[Crawled caption data]
■ ■ ■ ■ ■ ■ ■

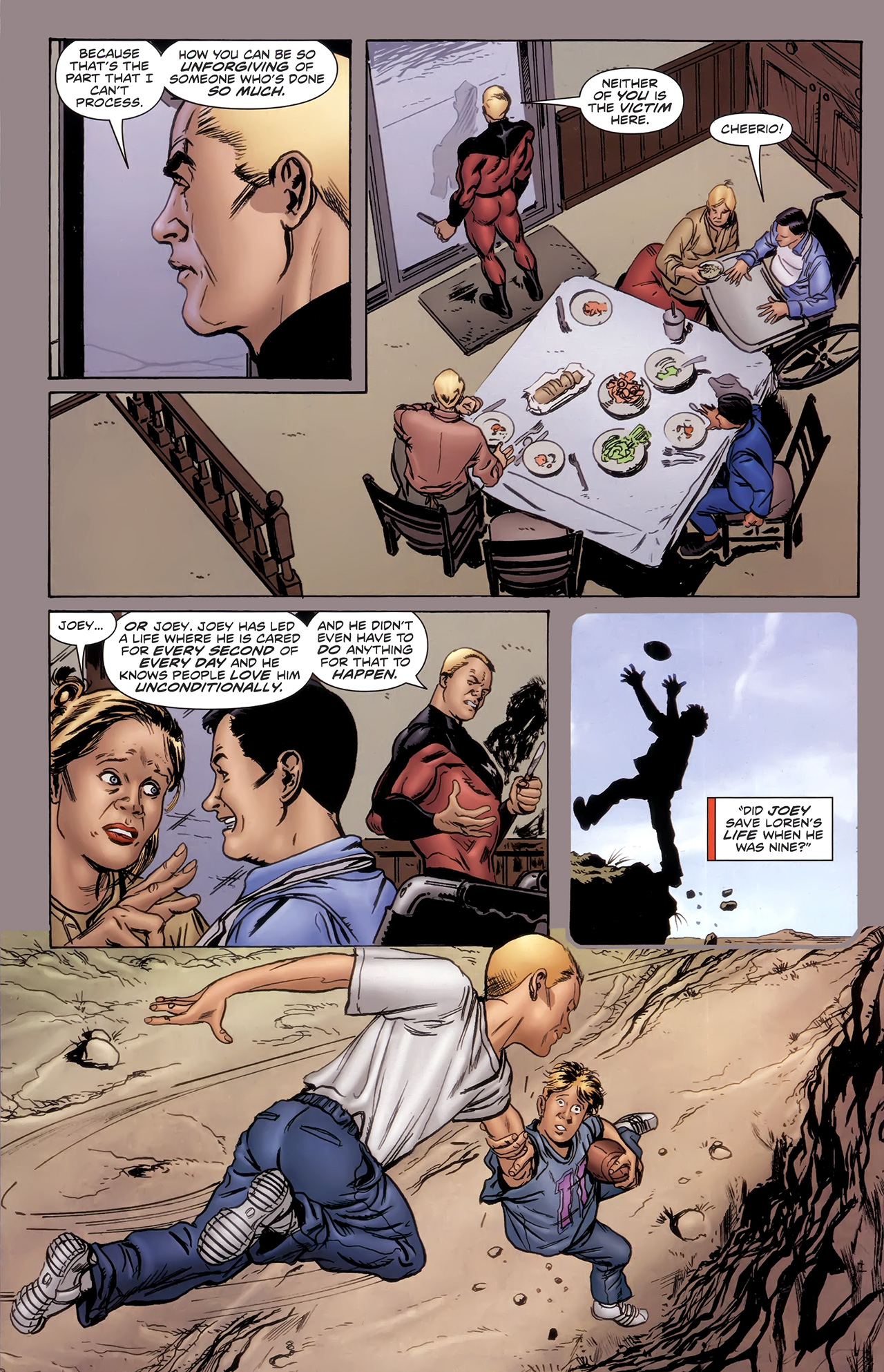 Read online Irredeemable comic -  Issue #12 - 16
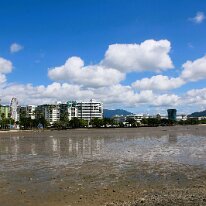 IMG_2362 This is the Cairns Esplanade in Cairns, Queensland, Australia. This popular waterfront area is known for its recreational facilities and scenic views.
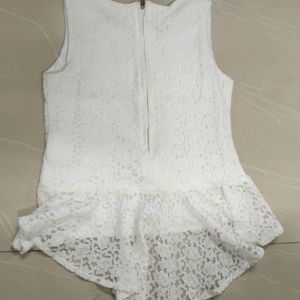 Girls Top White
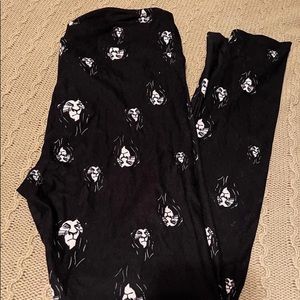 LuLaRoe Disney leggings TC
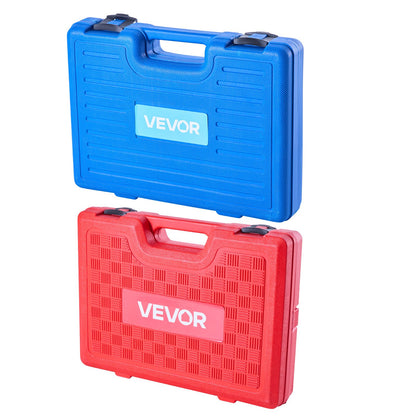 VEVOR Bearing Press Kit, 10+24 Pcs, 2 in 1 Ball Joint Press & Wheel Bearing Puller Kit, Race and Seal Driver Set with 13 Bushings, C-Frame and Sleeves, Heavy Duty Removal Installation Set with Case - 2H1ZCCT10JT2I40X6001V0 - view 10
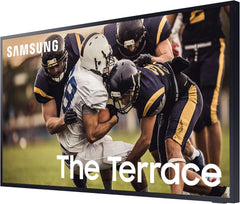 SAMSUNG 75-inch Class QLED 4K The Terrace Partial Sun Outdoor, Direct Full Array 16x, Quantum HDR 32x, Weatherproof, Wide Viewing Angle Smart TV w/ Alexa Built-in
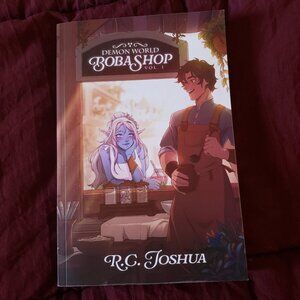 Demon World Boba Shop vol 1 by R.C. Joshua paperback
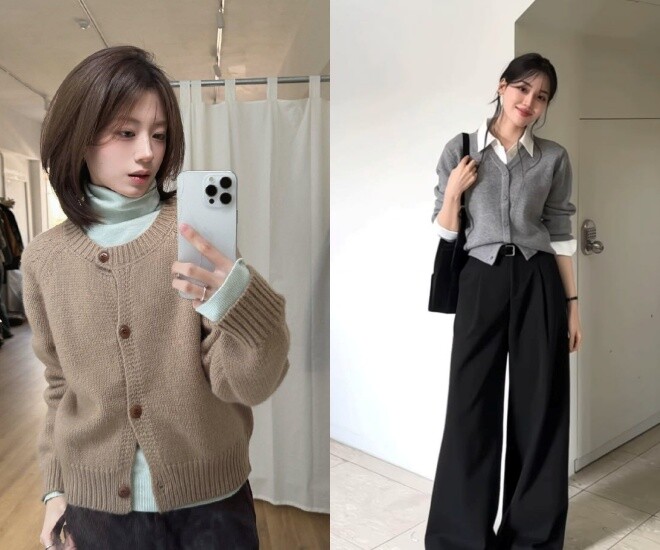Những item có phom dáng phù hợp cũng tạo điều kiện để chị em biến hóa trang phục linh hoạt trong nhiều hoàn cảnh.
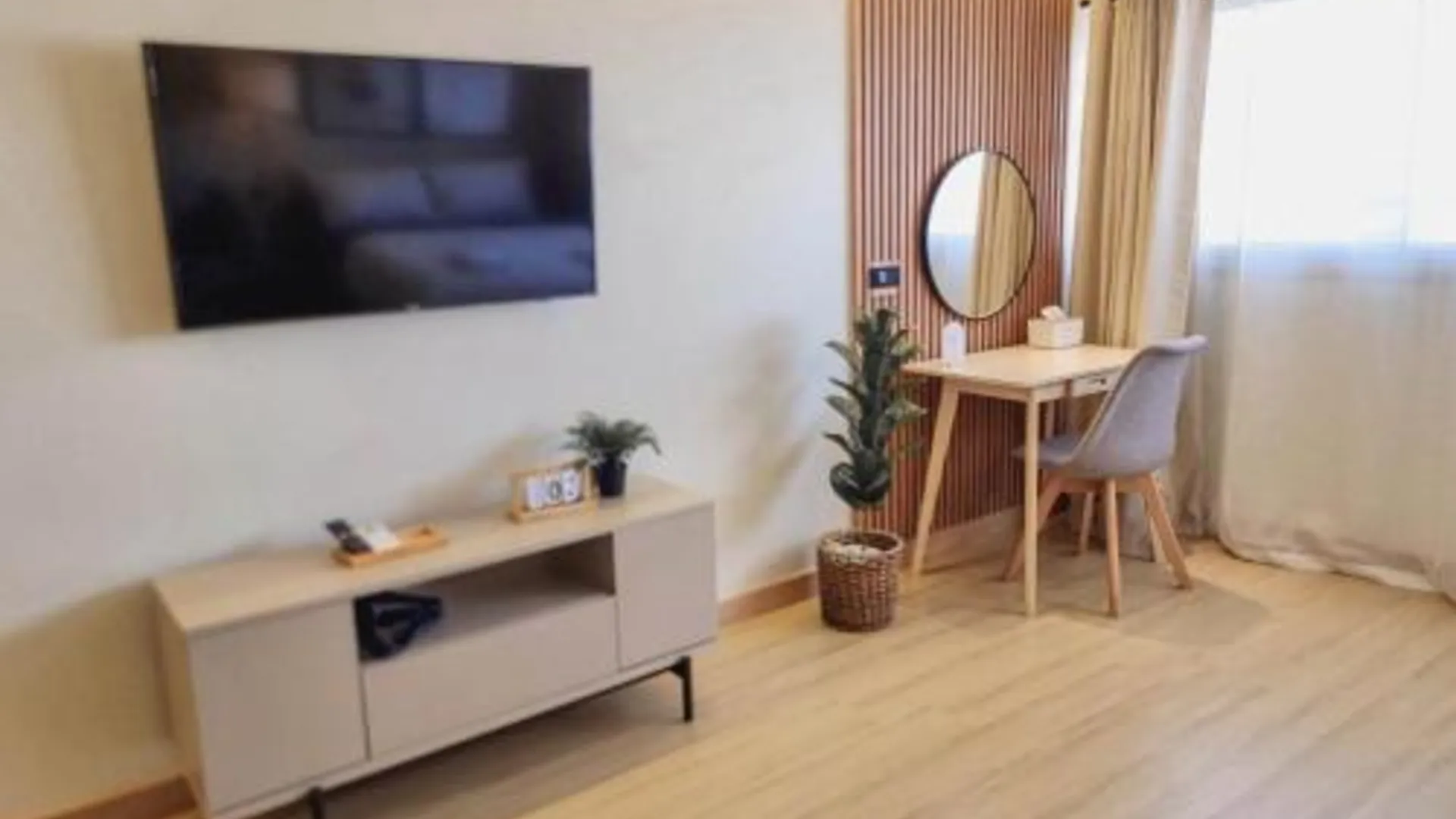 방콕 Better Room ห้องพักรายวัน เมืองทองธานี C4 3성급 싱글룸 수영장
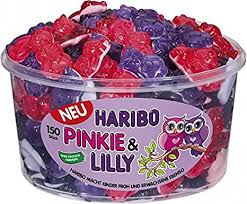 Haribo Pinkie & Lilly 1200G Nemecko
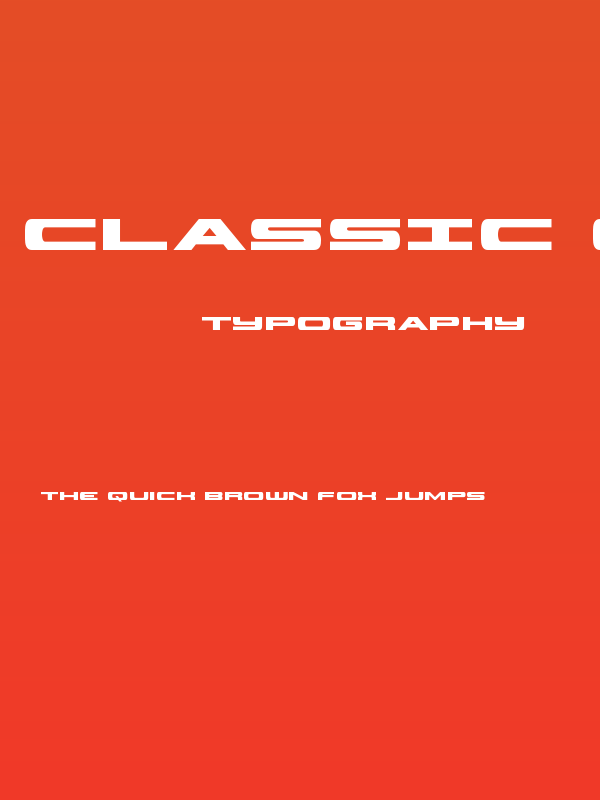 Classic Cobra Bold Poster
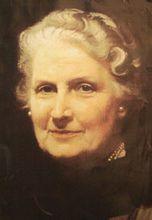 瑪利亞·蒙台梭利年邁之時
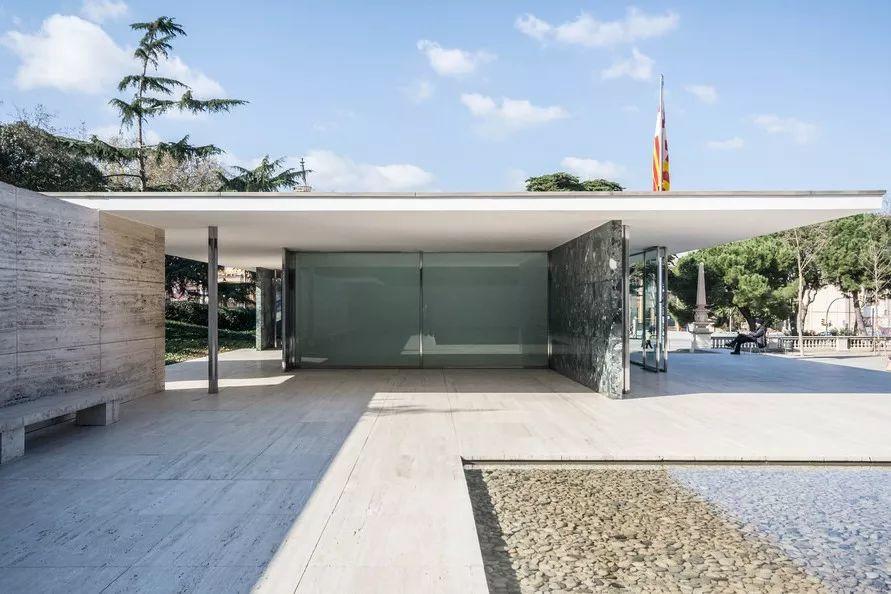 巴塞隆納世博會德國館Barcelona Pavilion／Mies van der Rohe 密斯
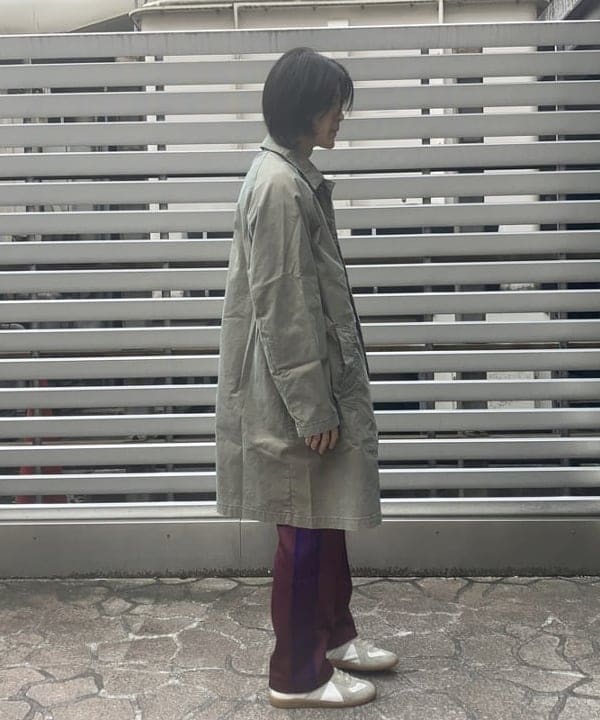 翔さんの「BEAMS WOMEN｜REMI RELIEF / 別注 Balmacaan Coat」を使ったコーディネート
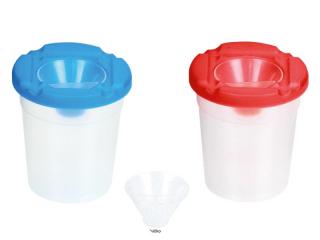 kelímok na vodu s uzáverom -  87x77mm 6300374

■ ■ ■ ■ ■ ■ ■

Exercise directions -> If an entry holds an image, omit that image and print the remainder exactly as it stands.

Written reply ->
 Read online Irredeemable comic -  Issue #12 - 16
 IMG_2362 This is the Cairns Esplanade in Cairns, Queensland, Australia. This popular waterfront area is known for its recreational facilities and scenic views.
 Girls Top White
 LuLaRoe Disney leggings TC
 VEVOR Bearing Press Kit, 10+24 Pcs, 2 in 1 Ball Joint Press & Wheel Bearing Puller Kit, Race and Seal Driver Set with 13 Bushings, C-Frame and Sleeves, Heavy Duty Removal Installation Set with Case - 2H1ZCCT10JT2I40X6001V0 - view 10
 SAMSUNG 75-inch Class QLED 4K The Terrace Partial Sun Outdoor, Direct Full Array 16x, Quantum HDR 32x, Weatherproof, Wide Viewing Angle Smart TV w/ Alexa Built-in
 Demon World Boba Shop vol 1 by R.C. Joshua paperback
Những item có phom dáng phù hợp cũng tạo điều kiện để chị em biến hóa trang phục linh hoạt trong nhiều hoàn cảnh.
 방콕 Better Room ห้องพักรายวัน เมืองทองธานี C4 3성급 싱글룸 수영장
 Haribo Pinkie & Lilly 1200G Nemecko
 Classic Cobra Bold Poster
 瑪利亞·蒙台梭利年邁之時
 巴塞隆納世博會德國館Barcelona Pavilion／Mies van der Rohe 密斯
 翔さんの「BEAMS WOMEN｜REMI RELIEF / 別注 Balmacaan Coat」を使ったコーディネート
 kelímok na vodu s uzáverom -  87x77mm 6300374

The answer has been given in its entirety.